Ale tak ogólnie żyje mi się z tym fantastycznie motywuje mnie to bardzo. Może się to komuś wydawać bardzo proanorektyczne, ale myślę, że póki co kontroluję się!!!
Nadal jestem pełna optymizmu i wiem, że uda mi się wszytko!!!
Całuję
Olutka
-
Wróciłam z wesela!!! Było superfantastycznie!!! Nie można było nic negatywnego powiedzieć, wszystko było super zorganizowane!!!
Ja czułam się super szczupło, atrakcyjnie, poprostu rewelacyjnie!!! Moje kreacje zrobiły furorę!!! Czułam się naprawdę bosko!!! Bawiłam sie całą noc, wytańczyłam się jak dawno nie!!! A przy tym ile kcal zgubiłam!!! Hehe!!! Hurrra!!!
Potrafiłam odmówić sobie wszelkich słodkośći i innych kalorycznych potraw, na obiad weselny zjadłam same same, sałatki, potem zjadłam troszkę truskawek i jakieś tam owoce!!! Przy takiej zabawie w ogóle nie miałam czasu na jedzenie!!!
A najlepsze z tego wszystkiego to kolejny kg mniej!!!
Kocham życie i moją dietę!!!
Pozdrawiam wszystkich, którzy czasem tu zagladają, napiszcie coś od czasu do czasu!!!
Olutka :wink:
-
KOCHANA PRZEPRASZAM :!: :!: :!: :!: :!: :!: :!:
:arrow: za to , że się tak długo nie odzywałam
:arrow: za to , że wiecznie marudzę i zaśmiecam Ci wątek moim smęceniem
:arrow: i za to co jeszcze nastąpi :D
a teraz WITAM Cie SLONCE :D
Właśnie postanowiłam , ze nie będę Ci smęcić w poście- zrobię to u siebie.
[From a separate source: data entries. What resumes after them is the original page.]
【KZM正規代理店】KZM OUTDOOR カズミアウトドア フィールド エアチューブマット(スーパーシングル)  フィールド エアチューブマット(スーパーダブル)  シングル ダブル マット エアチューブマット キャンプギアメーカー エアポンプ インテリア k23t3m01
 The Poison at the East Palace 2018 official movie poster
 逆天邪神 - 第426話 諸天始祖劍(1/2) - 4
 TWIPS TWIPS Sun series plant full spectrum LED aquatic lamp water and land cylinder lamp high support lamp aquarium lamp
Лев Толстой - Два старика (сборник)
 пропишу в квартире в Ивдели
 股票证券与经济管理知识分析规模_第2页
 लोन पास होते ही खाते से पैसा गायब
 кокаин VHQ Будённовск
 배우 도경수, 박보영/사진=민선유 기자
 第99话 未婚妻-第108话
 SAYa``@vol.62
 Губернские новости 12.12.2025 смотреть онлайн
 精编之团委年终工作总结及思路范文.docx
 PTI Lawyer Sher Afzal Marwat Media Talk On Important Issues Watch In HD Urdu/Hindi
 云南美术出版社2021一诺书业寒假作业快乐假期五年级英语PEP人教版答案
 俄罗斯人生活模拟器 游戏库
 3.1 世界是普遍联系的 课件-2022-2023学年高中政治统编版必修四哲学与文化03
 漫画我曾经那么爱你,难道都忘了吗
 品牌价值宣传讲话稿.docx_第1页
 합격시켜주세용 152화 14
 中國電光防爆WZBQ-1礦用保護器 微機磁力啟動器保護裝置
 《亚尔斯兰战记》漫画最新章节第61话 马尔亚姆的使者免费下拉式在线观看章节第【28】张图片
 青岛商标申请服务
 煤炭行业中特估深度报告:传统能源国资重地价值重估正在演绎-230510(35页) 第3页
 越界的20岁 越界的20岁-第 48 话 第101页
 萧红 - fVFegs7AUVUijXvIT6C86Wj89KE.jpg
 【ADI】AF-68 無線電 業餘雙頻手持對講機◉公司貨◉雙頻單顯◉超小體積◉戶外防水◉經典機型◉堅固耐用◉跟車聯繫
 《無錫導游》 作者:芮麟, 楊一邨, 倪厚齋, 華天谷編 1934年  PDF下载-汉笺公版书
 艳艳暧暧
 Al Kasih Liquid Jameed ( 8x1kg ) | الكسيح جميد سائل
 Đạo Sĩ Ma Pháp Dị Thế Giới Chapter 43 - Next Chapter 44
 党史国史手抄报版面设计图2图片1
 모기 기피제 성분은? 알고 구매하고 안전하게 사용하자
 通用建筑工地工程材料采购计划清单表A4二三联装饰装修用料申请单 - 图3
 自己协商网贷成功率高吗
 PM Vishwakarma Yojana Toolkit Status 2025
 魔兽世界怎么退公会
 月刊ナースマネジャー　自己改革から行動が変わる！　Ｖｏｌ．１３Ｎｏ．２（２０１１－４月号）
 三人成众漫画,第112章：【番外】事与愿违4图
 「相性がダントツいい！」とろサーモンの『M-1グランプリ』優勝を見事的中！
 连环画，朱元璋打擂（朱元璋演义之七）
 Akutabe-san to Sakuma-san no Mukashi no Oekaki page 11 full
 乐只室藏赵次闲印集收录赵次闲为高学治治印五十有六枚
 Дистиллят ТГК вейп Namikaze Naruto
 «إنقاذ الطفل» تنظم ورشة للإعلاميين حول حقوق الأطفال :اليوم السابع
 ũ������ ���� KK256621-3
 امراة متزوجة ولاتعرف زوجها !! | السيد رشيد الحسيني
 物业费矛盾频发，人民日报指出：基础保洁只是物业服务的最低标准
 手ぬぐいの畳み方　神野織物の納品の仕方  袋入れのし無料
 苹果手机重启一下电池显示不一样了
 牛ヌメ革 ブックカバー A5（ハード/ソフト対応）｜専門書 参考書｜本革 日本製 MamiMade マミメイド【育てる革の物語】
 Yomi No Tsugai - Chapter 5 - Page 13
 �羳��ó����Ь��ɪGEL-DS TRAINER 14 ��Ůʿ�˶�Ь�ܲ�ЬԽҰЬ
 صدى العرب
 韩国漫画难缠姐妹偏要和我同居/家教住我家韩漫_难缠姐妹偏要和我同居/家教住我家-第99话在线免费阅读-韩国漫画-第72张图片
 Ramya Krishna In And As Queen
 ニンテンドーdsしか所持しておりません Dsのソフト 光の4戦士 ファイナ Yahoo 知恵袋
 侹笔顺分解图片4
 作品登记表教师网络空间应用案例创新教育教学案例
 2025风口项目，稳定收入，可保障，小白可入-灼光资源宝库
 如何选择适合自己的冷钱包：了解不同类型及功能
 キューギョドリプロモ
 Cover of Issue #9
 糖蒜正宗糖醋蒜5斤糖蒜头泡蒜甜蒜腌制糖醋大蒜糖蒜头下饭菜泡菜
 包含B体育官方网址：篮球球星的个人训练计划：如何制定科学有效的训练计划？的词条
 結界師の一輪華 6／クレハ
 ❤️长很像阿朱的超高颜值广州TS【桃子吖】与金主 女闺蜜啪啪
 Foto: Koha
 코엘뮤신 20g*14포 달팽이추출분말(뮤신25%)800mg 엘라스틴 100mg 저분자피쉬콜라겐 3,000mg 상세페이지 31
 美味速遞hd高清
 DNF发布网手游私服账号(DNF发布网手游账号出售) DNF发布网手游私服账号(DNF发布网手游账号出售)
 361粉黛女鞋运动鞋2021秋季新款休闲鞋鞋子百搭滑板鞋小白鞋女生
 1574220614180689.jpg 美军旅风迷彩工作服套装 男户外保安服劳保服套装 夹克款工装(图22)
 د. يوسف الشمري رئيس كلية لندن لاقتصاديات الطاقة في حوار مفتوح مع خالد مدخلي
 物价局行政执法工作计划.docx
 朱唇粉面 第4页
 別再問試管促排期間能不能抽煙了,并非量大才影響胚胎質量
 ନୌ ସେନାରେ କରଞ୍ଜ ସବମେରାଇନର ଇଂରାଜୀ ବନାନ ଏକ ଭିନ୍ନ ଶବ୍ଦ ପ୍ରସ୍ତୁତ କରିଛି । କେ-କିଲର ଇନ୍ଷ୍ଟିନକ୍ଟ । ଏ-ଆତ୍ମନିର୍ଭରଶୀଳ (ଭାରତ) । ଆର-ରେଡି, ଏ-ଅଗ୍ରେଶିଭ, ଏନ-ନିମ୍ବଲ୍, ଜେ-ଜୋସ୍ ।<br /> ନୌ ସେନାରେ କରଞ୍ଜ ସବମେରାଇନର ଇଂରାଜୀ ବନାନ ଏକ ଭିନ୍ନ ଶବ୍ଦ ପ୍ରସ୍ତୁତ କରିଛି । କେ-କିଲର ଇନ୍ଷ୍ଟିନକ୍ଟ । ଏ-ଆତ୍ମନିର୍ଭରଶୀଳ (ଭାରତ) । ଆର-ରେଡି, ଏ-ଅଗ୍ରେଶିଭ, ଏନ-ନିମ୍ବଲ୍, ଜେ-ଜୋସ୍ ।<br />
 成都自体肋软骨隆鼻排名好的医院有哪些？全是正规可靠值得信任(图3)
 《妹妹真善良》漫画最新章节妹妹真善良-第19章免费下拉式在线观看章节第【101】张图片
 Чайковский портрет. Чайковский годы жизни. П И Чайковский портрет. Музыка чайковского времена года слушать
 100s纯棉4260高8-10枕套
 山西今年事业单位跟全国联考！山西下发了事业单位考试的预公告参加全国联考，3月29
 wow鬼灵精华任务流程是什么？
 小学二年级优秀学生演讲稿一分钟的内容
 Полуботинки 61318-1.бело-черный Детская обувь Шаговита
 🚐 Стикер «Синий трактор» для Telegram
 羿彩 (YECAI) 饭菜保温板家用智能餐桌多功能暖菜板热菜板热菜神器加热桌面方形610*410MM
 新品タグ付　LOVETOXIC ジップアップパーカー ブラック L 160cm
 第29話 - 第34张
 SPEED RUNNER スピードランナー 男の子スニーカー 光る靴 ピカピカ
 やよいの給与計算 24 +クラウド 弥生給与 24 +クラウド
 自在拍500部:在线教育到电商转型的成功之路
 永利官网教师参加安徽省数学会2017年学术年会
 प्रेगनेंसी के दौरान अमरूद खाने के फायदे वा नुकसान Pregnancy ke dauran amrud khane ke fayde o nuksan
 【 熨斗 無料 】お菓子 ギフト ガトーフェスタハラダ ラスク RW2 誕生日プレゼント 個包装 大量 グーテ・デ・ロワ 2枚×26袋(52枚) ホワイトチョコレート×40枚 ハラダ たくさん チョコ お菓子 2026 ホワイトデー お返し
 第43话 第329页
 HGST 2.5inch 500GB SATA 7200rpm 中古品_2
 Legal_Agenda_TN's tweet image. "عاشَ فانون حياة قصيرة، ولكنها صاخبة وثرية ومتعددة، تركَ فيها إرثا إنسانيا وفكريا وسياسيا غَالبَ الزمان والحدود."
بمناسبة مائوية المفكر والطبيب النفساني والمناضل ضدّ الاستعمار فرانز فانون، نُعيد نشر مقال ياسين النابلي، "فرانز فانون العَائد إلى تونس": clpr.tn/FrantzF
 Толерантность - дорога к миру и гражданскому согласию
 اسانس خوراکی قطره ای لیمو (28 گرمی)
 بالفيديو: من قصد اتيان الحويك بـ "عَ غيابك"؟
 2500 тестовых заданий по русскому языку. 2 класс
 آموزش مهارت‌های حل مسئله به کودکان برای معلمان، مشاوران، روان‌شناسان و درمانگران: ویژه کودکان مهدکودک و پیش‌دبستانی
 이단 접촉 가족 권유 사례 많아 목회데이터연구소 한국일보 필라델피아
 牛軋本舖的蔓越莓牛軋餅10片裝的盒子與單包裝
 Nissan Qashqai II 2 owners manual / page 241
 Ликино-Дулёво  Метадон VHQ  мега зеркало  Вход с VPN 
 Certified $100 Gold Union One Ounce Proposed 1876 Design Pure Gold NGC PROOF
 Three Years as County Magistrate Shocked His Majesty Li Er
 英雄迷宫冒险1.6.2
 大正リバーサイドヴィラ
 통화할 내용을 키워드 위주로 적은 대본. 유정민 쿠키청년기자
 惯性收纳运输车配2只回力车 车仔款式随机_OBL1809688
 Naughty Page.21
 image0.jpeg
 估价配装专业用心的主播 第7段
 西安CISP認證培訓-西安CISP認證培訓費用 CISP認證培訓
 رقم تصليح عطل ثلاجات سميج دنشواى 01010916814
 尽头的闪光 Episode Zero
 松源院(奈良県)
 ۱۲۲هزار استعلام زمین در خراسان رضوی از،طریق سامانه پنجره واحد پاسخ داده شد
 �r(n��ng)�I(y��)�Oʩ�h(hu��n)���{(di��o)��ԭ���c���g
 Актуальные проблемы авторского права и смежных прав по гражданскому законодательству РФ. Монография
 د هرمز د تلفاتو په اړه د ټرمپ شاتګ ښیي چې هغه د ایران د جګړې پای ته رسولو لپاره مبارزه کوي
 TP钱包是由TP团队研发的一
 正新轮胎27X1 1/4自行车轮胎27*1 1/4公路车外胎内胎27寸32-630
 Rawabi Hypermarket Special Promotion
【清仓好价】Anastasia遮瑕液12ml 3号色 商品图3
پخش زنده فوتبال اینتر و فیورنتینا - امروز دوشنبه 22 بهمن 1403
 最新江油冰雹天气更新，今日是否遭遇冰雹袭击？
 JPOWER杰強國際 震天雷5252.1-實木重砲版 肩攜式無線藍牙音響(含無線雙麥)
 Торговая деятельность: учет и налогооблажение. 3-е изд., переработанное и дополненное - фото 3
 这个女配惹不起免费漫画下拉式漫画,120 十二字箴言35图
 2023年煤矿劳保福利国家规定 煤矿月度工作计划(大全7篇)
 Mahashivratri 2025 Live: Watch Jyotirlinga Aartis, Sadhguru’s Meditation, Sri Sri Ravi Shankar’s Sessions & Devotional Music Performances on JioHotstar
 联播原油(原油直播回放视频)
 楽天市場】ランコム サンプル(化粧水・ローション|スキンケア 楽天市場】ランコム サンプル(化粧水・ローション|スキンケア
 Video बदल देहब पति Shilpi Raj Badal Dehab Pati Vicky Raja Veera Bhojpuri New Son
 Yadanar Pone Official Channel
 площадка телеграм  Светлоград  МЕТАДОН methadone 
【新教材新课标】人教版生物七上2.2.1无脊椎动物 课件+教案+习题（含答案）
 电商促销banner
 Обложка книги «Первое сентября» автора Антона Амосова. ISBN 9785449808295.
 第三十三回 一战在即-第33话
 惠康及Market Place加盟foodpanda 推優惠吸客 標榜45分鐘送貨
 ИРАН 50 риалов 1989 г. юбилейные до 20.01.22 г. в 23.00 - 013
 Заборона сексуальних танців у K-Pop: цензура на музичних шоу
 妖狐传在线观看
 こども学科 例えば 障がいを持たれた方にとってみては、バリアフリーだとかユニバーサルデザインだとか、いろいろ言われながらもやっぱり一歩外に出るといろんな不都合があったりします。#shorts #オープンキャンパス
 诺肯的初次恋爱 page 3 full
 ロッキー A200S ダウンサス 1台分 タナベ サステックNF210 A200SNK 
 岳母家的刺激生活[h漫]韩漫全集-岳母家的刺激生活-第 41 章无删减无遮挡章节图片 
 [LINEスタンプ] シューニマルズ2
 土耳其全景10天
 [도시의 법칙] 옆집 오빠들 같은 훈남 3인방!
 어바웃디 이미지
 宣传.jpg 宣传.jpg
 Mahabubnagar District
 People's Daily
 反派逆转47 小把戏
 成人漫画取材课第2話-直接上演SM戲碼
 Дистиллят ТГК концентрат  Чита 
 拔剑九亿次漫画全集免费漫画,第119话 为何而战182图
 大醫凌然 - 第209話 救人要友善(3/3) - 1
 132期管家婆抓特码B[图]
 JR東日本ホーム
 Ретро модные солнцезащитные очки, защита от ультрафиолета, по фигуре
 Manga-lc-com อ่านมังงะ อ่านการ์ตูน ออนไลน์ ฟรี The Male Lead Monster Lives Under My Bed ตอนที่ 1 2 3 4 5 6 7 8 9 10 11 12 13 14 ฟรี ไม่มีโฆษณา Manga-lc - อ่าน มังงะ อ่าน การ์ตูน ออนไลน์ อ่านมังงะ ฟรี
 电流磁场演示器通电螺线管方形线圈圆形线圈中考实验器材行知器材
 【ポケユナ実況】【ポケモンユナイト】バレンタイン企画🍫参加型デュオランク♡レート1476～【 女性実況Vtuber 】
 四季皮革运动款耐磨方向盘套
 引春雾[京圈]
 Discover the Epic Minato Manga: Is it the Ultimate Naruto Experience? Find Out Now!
Ale przeczytalam ,wszystko to co napisalas podczas mojej dlugiej nieobecnosci. To co napisze to pewnie nic nie znaczy tak na prawde ale jestem z Ciebie ogromnie dumna :!: :!: :!: :!: :!: :!: Tak ,chyba moge napisac , ze Jestes moim mentorem. Po prostu co krok pokazujesz i udowadniasz ,ze mozna wywalczyc szczuplejsze, szczesliwsze JA. Za to Ci serdecznie dziekuje <buzki>
Bardzo sie ciesze, ze wesele sie udalo. :lol: :lol: :lol: Ale i tak jestem pewna, ze twoje bedzie lepsze :!: :!: :!: :mrgreen:
Jesteś wspaniala :!:
Aaaa i nie mysl , ze przejde "do porzadku dziennego" :wink: i nie powiem nic na temat kosteczek. Tez bardzo sie cieszylam jak sie u mnie zaczely zarysowywac. Ale Olutko bez przesady!!!! prosze uwazaj na siebie , zeby to sie w zadna anoreksje nie przerodzilo. Wiesz przeciez ,ze pisze to ze szczerego serducha.
Ja juz jestem po sesji , mam nadzieje , ze Ty rowniez i to szczesliwie ukonczonej.